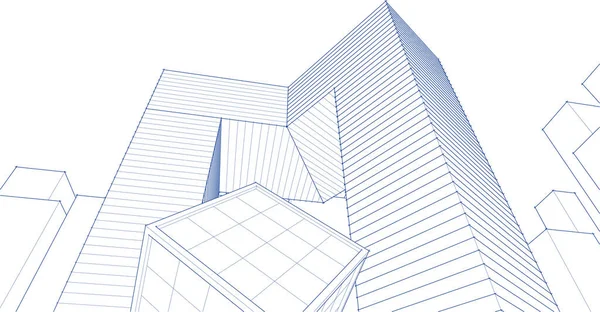 Architektura Koncept Město Vykreslování — Stockový vektor
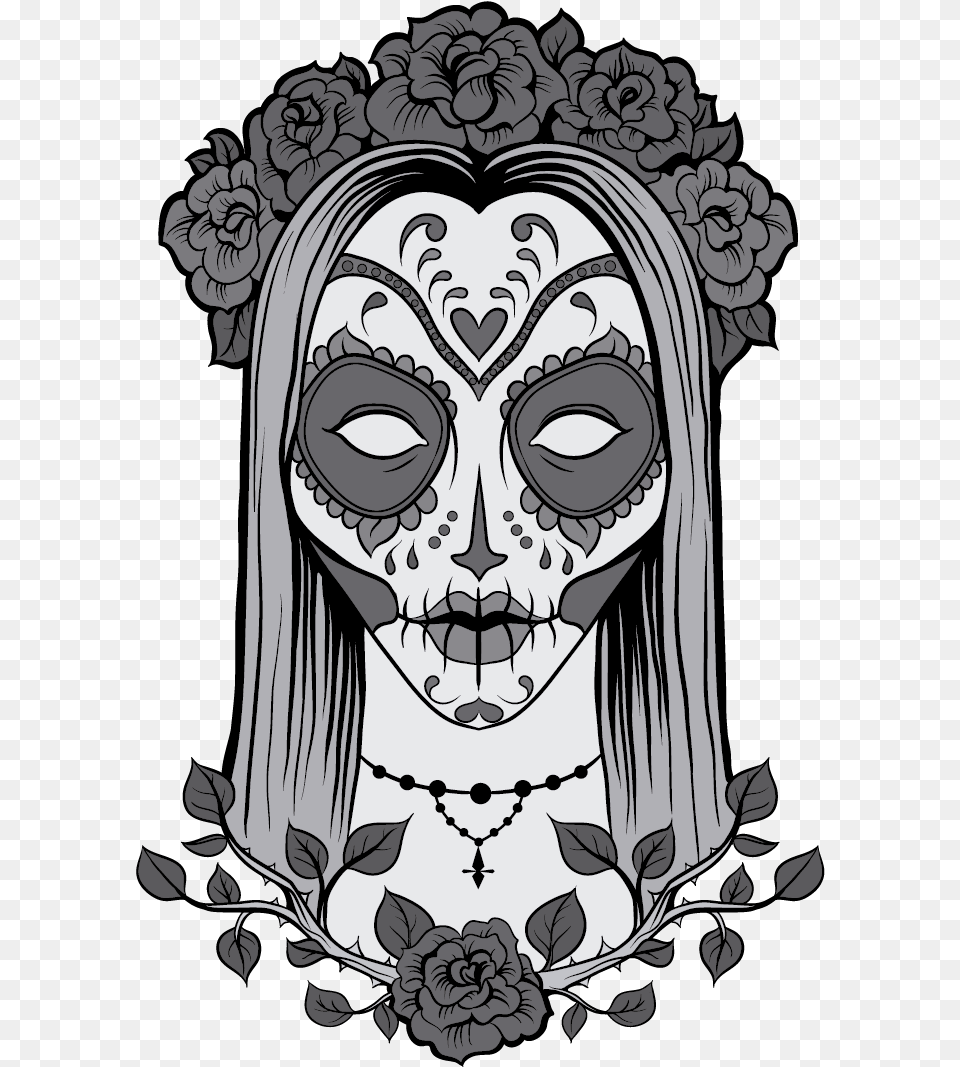 Sugar Skull Female Day Of The Dead, Art, Drawing, Adult, Wedding Png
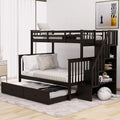 Solid Wood Twin-Over-Twin Stairway Bunk Bed Frame with Storage and Guard Rail Y806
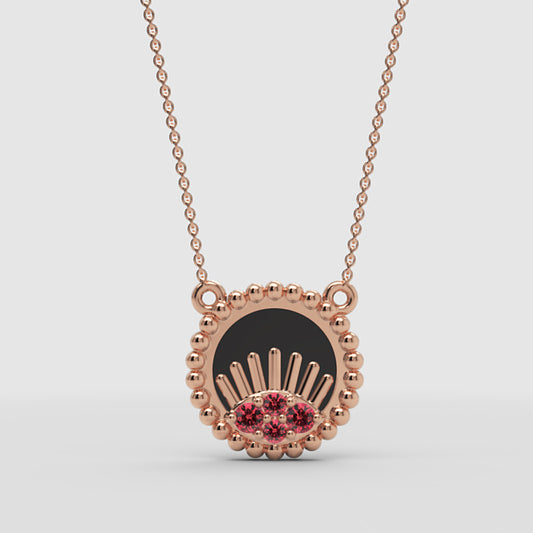Black Onyx And Pink Gemstone Evil Eye Pendant Necklace With Beaded Frame - One
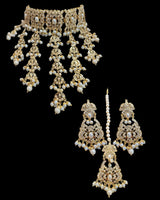 Dangler Choker Set with Earrings & Tika – Gold-Plated Zircon & Pearl Elegance ( SHIPS IN 4 WEEKS )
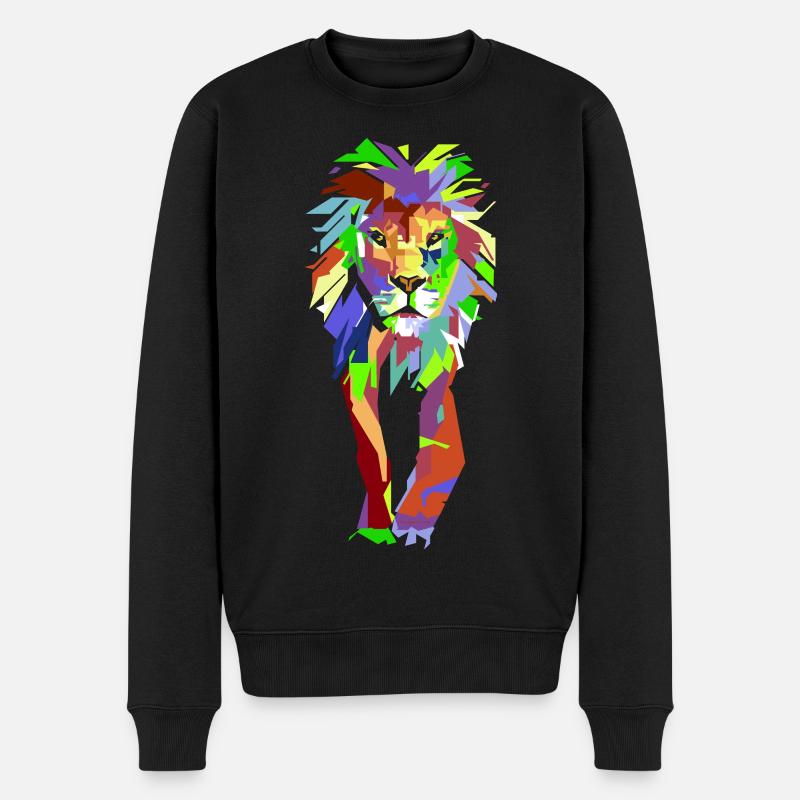 Lion Pop Art - Pull Premium bio Homme - noir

== == ==

What the exercise asks » Give back the material word for word and drop the pictures it holds.

Reply to the exercise »
 Architektura Koncept Město Vykreslování — Stockový vektor
 Sugar Skull Female Day Of The Dead, Art, Drawing, Adult, Wedding Png
 Solid Wood Twin-Over-Twin Stairway Bunk Bed Frame with Storage and Guard Rail Y806
Black Onyx And Pink Gemstone Evil Eye Pendant Necklace With Beaded Frame - One
 Dangler Choker Set with Earrings & Tika – Gold-Plated Zircon & Pearl Elegance ( SHIPS IN 4 WEEKS )
 Lion Pop Art - Pull Premium bio Homme - noir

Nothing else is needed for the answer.